I wonder how it'll end up looking this time! To be honest, most of the fun I get from games like these is watching the built environments of humanity transform over time. The visual element is pretty important to me.

Maybe some new diversities in tilesets would be nice, too, like how Endless Legend does things.
 
My curiosity, as always, is mostly about what civilizations and leaders will make the cut and how they'll be characterized in gameplay. The most fun in the game comes from reading (about) the character select screen.
 
We'll see if this one has good base game. I remember that the early launch of Civ 6 base game got a lot of complaints. We'll see if they pull out a lot of changes this time around.
Game probably won't be any good, but that's just how it is with odd numbered Civs.
Really? I actually still liked Civ5 more than Civ6. Granted, it was my first Civ, but it seemed... fine, to me (at least from a "final full DLC vs final full DLC" comparison).
 
One thing I hope that VII will arrest is the tendency to favour sprawl over tall and the ability to just not participate in systems that are annoying. I've been trying to get back into 6 and it's MOSTLY been fine but the entire game screams at me to sprawl like an AI and I just do not enjoy that, and more than once I've just quit a game because 'Time to vote in the World Congress ! It's the Medieval Age and you've met maybe three other Civs but now all eight of you get to be some sort of proto-UN with magic enforcement !' pops up or I'm sick and tired of playing whack a missionary.

Also maybe stop with the 'one military unit per tile thing', at least for long distance map movement. It's fine once you have corps and armies, but 'getting to the fight' should be a problem of logistics, not pathfinding.
 
One thing I hope that VII will arrest is the tendency to favour sprawl over tall and the ability to just not participate in systems that are annoying. I've been trying to get back into 6 and it's MOSTLY been fine but the entire game screams at me to sprawl like an AI and I just do not enjoy that, and more than once I've just quit a game because 'Time to vote in the World Congress ! It's the Medieval Age and you've met maybe three other Civs but now all eight of you get to be some sort of proto-UN with magic enforcement !' pops up or I'm sick and tired of playing whack a missionary.

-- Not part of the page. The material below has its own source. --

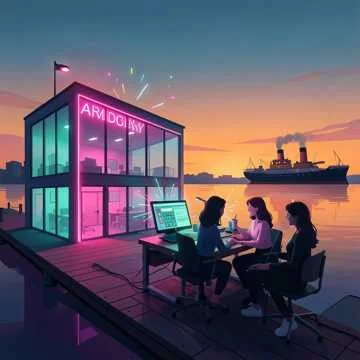 Звучит качающий регги-поп бит в стиле «Side to Side»: сочный бас, расслабленные…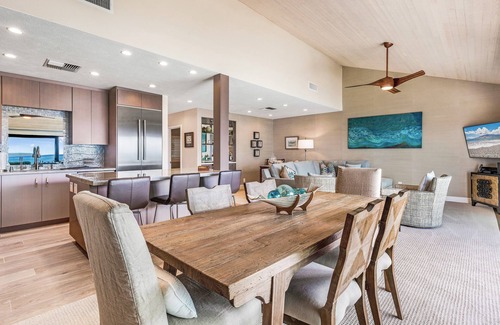 Wailea Condo | Maui Oceanfront Penthouse 3br/3b in Makena Surf with Spectacular Views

Also maybe stop with the 'one military unit per tile thing', at least for long distance map movement. It's fine once you have corps and armies, but 'getting to the fight' should be a problem of logistics, not pathfinding.

Every civ since the lost golden era of civ4 has been paying the cost of one unit per tile. Spreading the map around with wider cities and districts help a bit with giving the units the space they need but you still end up with a micro hell as soon as you get mass production of units going. I don't see this getting fixed.

This is going to be an incremental adaptation of civ6 the same way 6 is of 5, I feel.
 
How dare you, Civ3 was great. It has many unique good things about it, like, uh. Being the first in the series I played.
3 was the best because it came with a fat physical manual with historical notes on every unit and faction in the game. It was a hefty 2-disc installation back in 2001, and having something both useful and interesting to read while it installed was a godsend.

I also genuinely prefer doomstacks to blanketing the entire map in single units.
 
I like 6 a little more than 5, but not enough to play much of either. Both are fine as long as they're just an empire, and 6 makes it a little more engaging with district layout. But as soon as a war breaks out I just find them exhausting.

One unit per tile is so much tedious micro, and it's so, so hard for the AI to play it. It's a millstone around the series. I'm not going to say it's impossible for a new Civ game to beat 4 without reverting to stacks or coming up with some kind of midpoint, but it would certainly shock me.
 
I like 6 a little more than 5, but not enough to play much of either. Both are fine as long as they're just an empire, and 6 makes it a little more engaging with district layout. But as soon as a war breaks out I just find them exhausting.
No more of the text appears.